Louis Auguste (1814-1876) et Auguste Rosalie (1826-1900) Bisson n’ont pas commencé leur carrière de photographe par ces vues des Alpes. L’aîné, tout d’abord, installe avec leur père, lui-même artiste en tant que peintre héraldiste, un premier atelier de daguerréotypes. Architecte et chimiste de formation, ses connaissances scientifiques lui valent la reconnaissance de ses pairs par les améliorations notables qu’il apporte au procédé de Daguerre (temps de pose réduit, portrait dans l’ombre…). Le cadet pratique également la photographie dans divers ateliers et se met à son propre compte. Les deux frères s’associent en 1852, fondent « Bisson frères » et installent l’entreprise à l’hôtel de Sourdéac à Paris. Une forte volonté d’expérimentation – à défaut d’avoir le sens du commerce, ce qui leur vaudra ruine en 1863 – les fait ouvrir de nouvelles voies au médium et leur permet d’être associés aujourd’hui au Panthéon des pionniers de la photographie française. Ils se spécialisent en photographie de grand format d’architecture avec des négatifs au collodion ce qui, à l’époque, est inédit et nécessite une maîtrise technique remarquable. Ces vues les mènent vers d’autres sommets inexplorés et au plus notable de leurs exploits : la réalisation des premières photographies au monde depuis le sommet de l’Europe, le mont Blanc. En 1854, la rencontre avec l’industriel Daniel Dollfus-Ausset (1797-1870), passionné des glaciers, est déterminante. Ce dernier les mandate, connaissant leur notoriété, pour réaliser des photographies des glaciers des Alpes. Auguste Rosalie se lance dans l’aventure. Dès 1854, la première photographie de montagne produite est annonciatrice des nombreuses à venir. Il perfectionne petit à petit sa technique pour obtenir des contrastes réels (la neige n’aide pas à l’exercice), pour avoir le meilleur mélange chimique dans de dures conditions climatiques (le froid, la pression moindre en altitude…) et réfléchit au transport du matériel (pénible, lui aussi, quand on connait le poids de l’ensemble nécessaire au développement photographique). Rien cependant n’arrête le photographe qui franchit l’étape ultime en réussissant l’ascension du mont Blanc le 26 juillet 1861 avec le guide Auguste Balmat, descendant du premier homme à avoir atteint le sommet, et une solide équipe de porteurs. Arrivé en haut, Auguste Rosalie Bisson parvient à réaliser quatre prises de vue et entre un peu plus dans l’histoire.

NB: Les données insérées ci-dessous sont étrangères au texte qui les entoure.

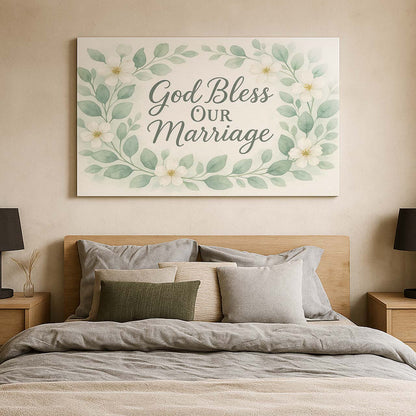 Watercolor Floral Wreath ‘God Bless Our Marriage’, Wall Art Canvas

La photographie du glacier du Rhône, situé dans le nord du canton du Valais en Suisse, appartient à ces images réalisées avec et pour Daniel Dollfus-Ausset. Ce dernier considère surtout les opportunités scientifiques de telles vues : la géologie, la géodésie, l’orologie sont au cœur de ses préoccupations. S’il est clair qu’il oriente l’objectif du photographe vers le glacier, cela n’empêche pas ce dernier de construire son image. Il choisit un angle de vue créant une composition dynamique où le glacier s’écoule sans fin et où la montagne du premier plan structure l’image. Il faut également une chimie parfaite pour obtenir de tels contrastes dans les crevasses du paysage et les reliefs montagneux. Le temps a fait son œuvre et l’image à l’albumine a jauni, il n’empêche que l’évidente qualité de prise de vue continue de produire un effet saisissant et à transcrire la force du paysage. À cette impression s’ajoute notre actualité climatique qui questionne notre incidence sur le monde naturel et particulièrement sur ces masses glacées qui semblaient pourtant immuables.